Work item =>
The result should hold only the lines from the one with "2023 Jeep Wrangler" through the final line of the data below, transcribed exactly, pictures left out.

Data to examine =>
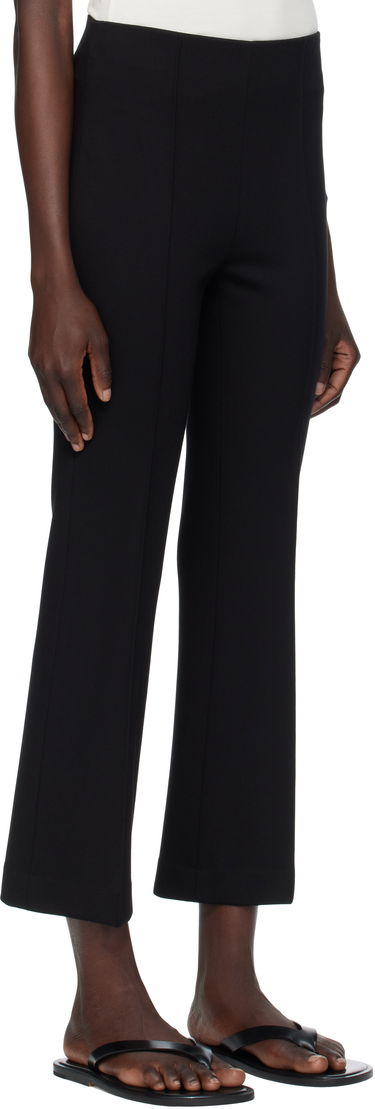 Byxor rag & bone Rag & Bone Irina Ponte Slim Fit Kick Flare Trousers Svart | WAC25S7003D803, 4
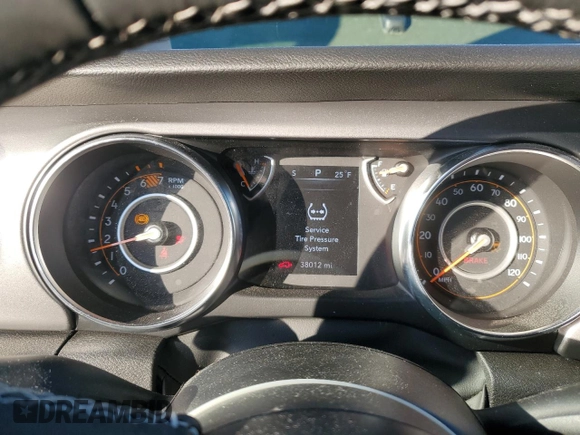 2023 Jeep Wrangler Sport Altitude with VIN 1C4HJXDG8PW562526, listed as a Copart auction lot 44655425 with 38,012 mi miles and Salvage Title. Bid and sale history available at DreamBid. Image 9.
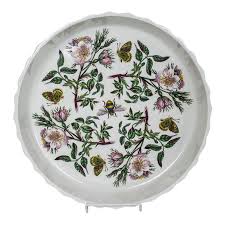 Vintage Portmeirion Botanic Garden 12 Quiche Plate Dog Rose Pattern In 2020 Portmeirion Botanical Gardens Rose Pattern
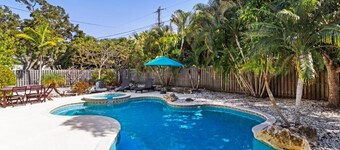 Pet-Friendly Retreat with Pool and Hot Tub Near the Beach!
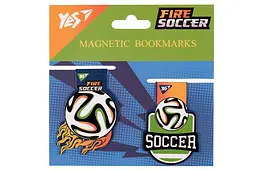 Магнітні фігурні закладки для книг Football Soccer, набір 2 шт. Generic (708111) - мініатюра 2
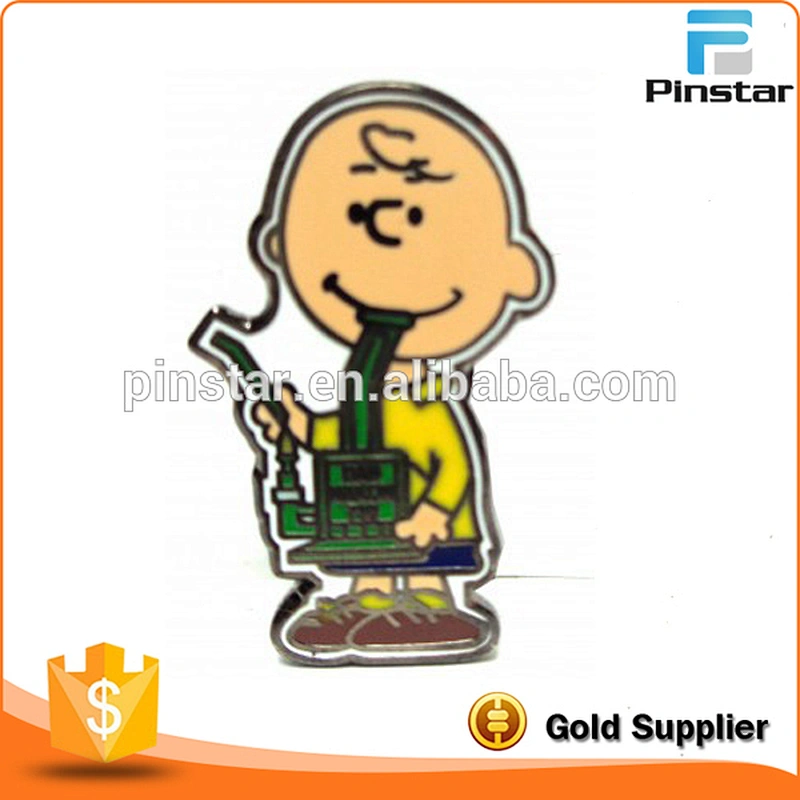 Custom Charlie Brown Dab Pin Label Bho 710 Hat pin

Solution below =>
 2023 Jeep Wrangler Sport Altitude with VIN 1C4HJXDG8PW562526, listed as a Copart auction lot 44655425 with 38,012 mi miles and Salvage Title. Bid and sale history available at DreamBid. Image 9.
 Vintage Portmeirion Botanic Garden 12 Quiche Plate Dog Rose Pattern In 2020 Portmeirion Botanical Gardens Rose Pattern
 Pet-Friendly Retreat with Pool and Hot Tub Near the Beach!
 Магнітні фігурні закладки для книг Football Soccer, набір 2 шт. Generic (708111) - мініатюра 2
 Custom Charlie Brown Dab Pin Label Bho 710 Hat pin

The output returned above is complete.